10 replies on “Burlington City Council Supports Non-Citizens’ Voting Rights”

  1. Then what is the purpose of becoming a “citizen”?

    The power to vote is the most powerful and sacred right an American “Citizen” has. That is the purpose of citizenship, else there is no law.

  2. Right now, non-citizens can be elected to the steering committees of their Neighborhood Planning Assemblies, where all residents can propose and vote on resolutions to send to City Council. Most elected officials get started on a path to public service by participating in NPA.

  3. Looks to me as if the majority of the city council has turned from progressive to communist….. anybody who would vote yet for this needs to be sent out of the country….. No country would let a non citizen vote . I knew that Burlington was a very progressive city but this could be the straw that breaks the camels back. most people i know are shaking they are so pissed. And I for one must have missed the fact that this was going to be on the agenda for the evening……. how many were there to speak against it? Talk about Shams and scams , this one is by the city govt. Thank you Kurt and Dave for standing tall on this issue and voting against it……. Seems ward four and most of the time seven stands with us. what happened to our neighboring council people from ward seven?

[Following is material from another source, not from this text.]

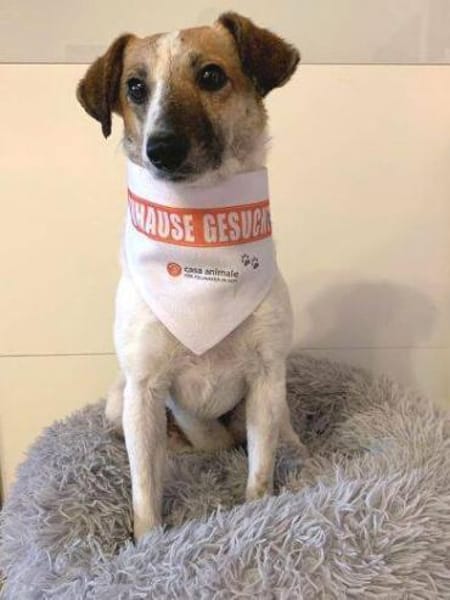 MIRKA sucht Geborgenheit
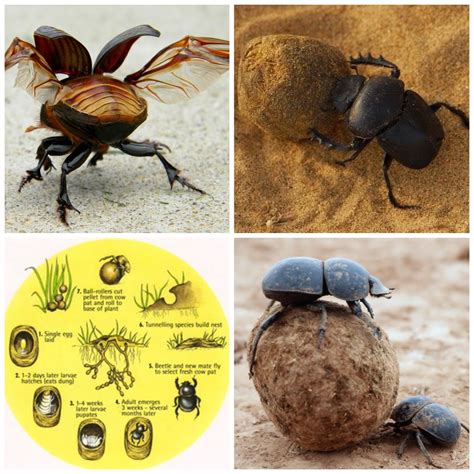 Amazing ... dung beetles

  4. I would find this humorous if I hadn’t recently had to renew my drivers license. I needed a passport, a W2 with physical address and SS number, plus 2 pieces of mail with my physical address. I’m convinced that I could have gotten a driver’s license quicker if I had been an illegal immigrant from Liberia with Ebola.

  5. Could you even imagine going to another country and demanding permission to vote? It’s utterly ridiculous, this whole scenario. What on earth do these liberals think is the benefit of this? Who has this much time on their hands to devote to this singularly obscure issue at the expense of the tax-paying citizen?

  6. This is one of the stupidest pieces of council activity I’ve heard of during my five years here. Even more foolish that the smoking in the Marketplace ordinance. Don’t you people look out the window up and down Church Street or spend time walking your districts and talking to the people who live there? There are so many more pressing and critical issues the council should be concentrating on, not some foolish referendum that doesn’t have a chance in h*** of becoming law.

  7. May I recommend a recall petition of ALL city council members for failure to protect the community and its interest as a whole?

  8. How we repeat history. This is how “Tammany Hall” started and the “Political Machines”.
    There was a reason why our state founders put that into our state constitution.

    “”Those who cannot remember the past are condemned to repeat it”

  9. Exactly – what, then, is the purpose of citizenship? Burlington is becoming more and more of an “island” in the State with all it’s “progressive” whackiness. This will never stand muster with the Legislature and, certainly, with the State’s voting population as a whole. This concept and vote is just unbelievable.